Ashton says the most important change for co-investment is the new rule prohibiting non pro rata allocation of costs. “This means that they will require expenses to be evenly done pro rata to the investment among co-investment vehicles and the sponsor’s fund going into a deal. The immediate issue I think that that’s going to cause is that, in our experience, some co-investors resist broken deal expenses. With this rule, it’s expected that co-investors will have to step up for broken deal expenses or other expenses in the same way that the sponsor’s main fund goes into it.”
She adds: “We don’t know what the impact of the final rules is going to be – perhaps co-investors swallow the broken deal costs and don’t mind having these allocated to them. But it could conceivably cut some of the co-investment players out, and could well be a differentiator among co-investors.”
Erik Wong, a partner at Pantheon, says: “This is essentially a commercial decision, which is a function of the co-investors’ assessment of the seller’s motivation, attractiveness of the opportunity, the GP’s positioning in the process and amount involved, among others.”

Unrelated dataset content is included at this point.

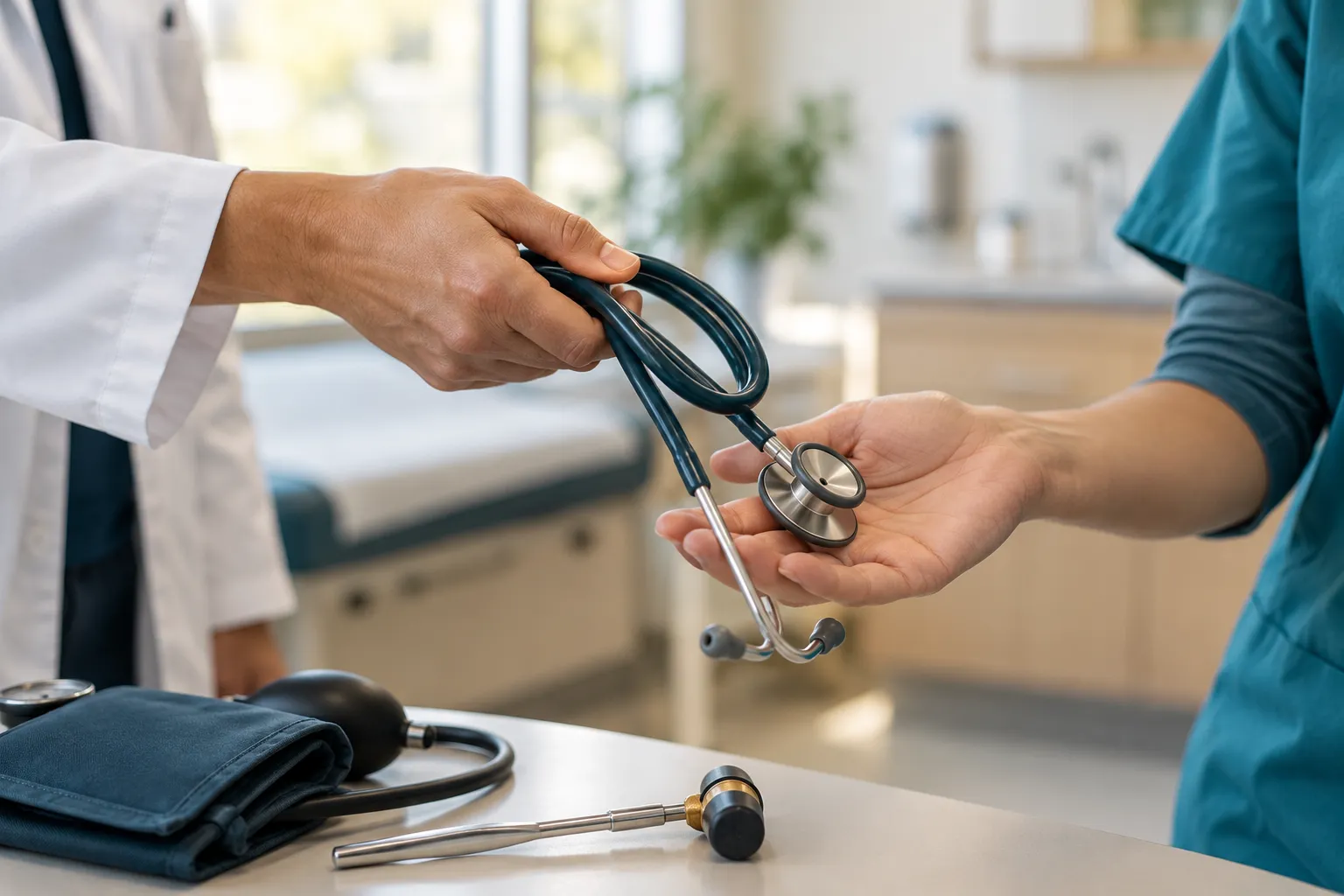 A physician handing a stethoscope to a colleague in scrubs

Based in London and serving as a partner in Pantheon’s global co-investment team, Wong is responsible for sourcing, executing and monitoring co-investments in Europe. He joined the firm from Abu Dhabi Investment Authority. Prior to that, he worked for the UK’s IFRS Foundation.
“Businesses that command a leading or differentiated market position, have a sticky revenue base, and benefit from secular or structural growth will continue to attract strong interest from the investor universe”
Kocsi, meanwhile, says Ardian is watching how the rules come into play. “As a French limited partnership, we’re already exposed to and comply with various European regulations that in many cases touch upon some of the same factors that the SEC is now discussing. So we can navigate any changes and adapt our business model to be compliant with any regulation, no matter where we do business.”
Kocsi adds that if the rules come into play as they are described now, there would likely be middle- and back-office implications to their institutions in terms of adjustments in how they report to LPs. “The cost of business could go up commensurately. We will have to manage that. However, at this point, we don’t necessarily see any massive friction in what we do on a day-to-day basis.”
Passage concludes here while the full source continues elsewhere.